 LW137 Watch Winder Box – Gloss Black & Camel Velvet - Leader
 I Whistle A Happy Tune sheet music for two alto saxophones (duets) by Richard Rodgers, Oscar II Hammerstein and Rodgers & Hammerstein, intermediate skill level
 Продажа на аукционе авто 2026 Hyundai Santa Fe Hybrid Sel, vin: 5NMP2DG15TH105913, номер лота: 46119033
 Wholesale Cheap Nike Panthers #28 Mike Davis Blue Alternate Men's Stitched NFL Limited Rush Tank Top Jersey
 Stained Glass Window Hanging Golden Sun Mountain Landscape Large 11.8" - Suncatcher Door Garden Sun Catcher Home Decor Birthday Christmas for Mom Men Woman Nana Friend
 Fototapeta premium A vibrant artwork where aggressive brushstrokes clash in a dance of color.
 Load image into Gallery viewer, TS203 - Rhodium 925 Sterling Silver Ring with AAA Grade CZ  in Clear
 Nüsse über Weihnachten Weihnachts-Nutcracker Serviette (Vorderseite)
+ + + + +
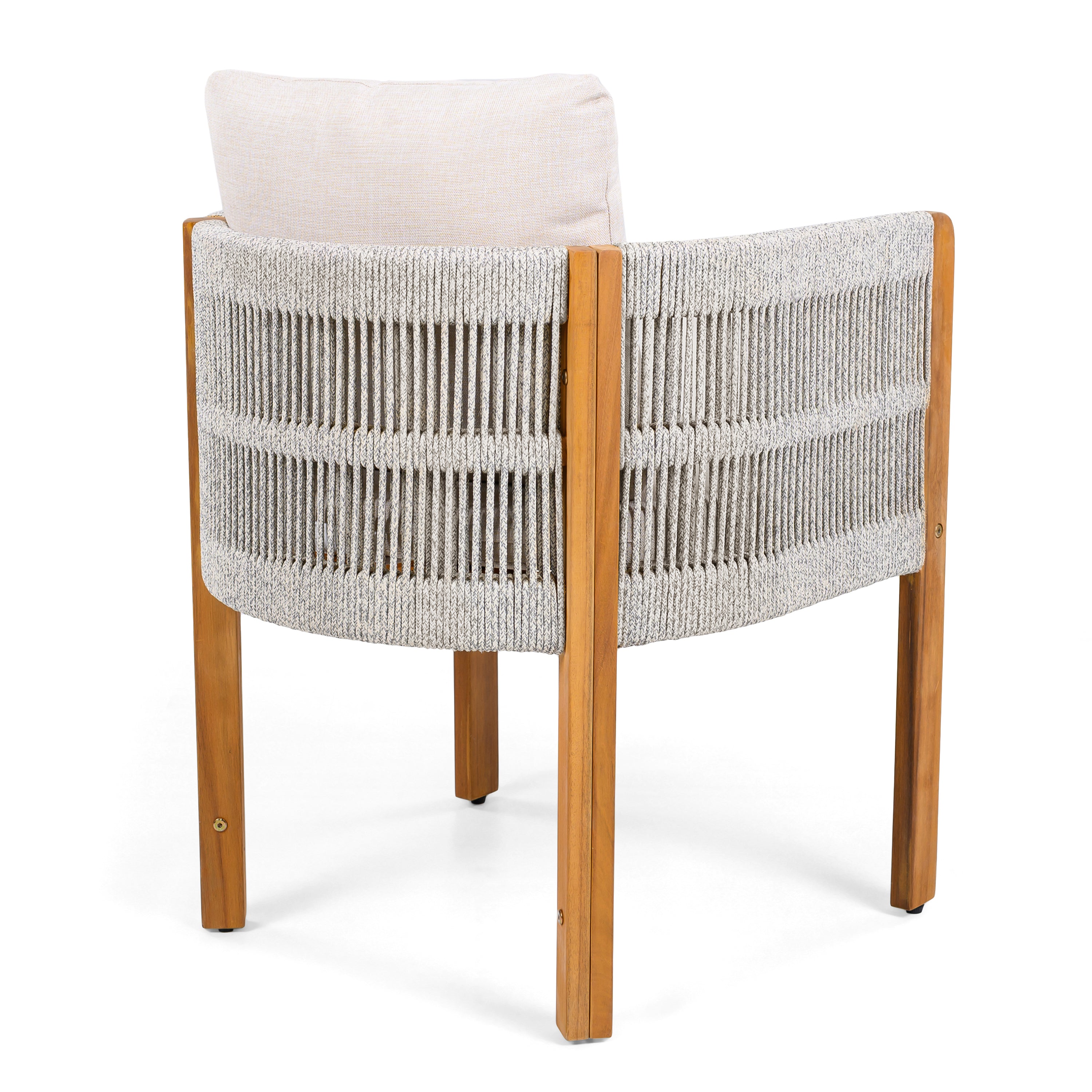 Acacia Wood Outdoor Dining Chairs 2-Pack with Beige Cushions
+ + + + +
- **What the task requires**
Please output exactly the lines between the one holding "LW137 Watch Winder" and the one holding "Nüsse über Weihnachten" in the records above, inclusive, and nothing more.

- **Answer box**
 LW137 Watch Winder Box – Gloss Black & Camel Velvet - Leader
 I Whistle A Happy Tune sheet music for two alto saxophones (duets) by Richard Rodgers, Oscar II Hammerstein and Rodgers & Hammerstein, intermediate skill level
 Продажа на аукционе авто 2026 Hyundai Santa Fe Hybrid Sel, vin: 5NMP2DG15TH105913, номер лота: 46119033
 Wholesale Cheap Nike Panthers #28 Mike Davis Blue Alternate Men's Stitched NFL Limited Rush Tank Top Jersey
 Stained Glass Window Hanging Golden Sun Mountain Landscape Large 11.8" - Suncatcher Door Garden Sun Catcher Home Decor Birthday Christmas for Mom Men Woman Nana Friend
 Fototapeta premium A vibrant artwork where aggressive brushstrokes clash in a dance of color.
 Load image into Gallery viewer, TS203 - Rhodium 925 Sterling Silver Ring with AAA Grade CZ  in Clear
 Nüsse über Weihnachten Weihnachts-Nutcracker Serviette (Vorderseite)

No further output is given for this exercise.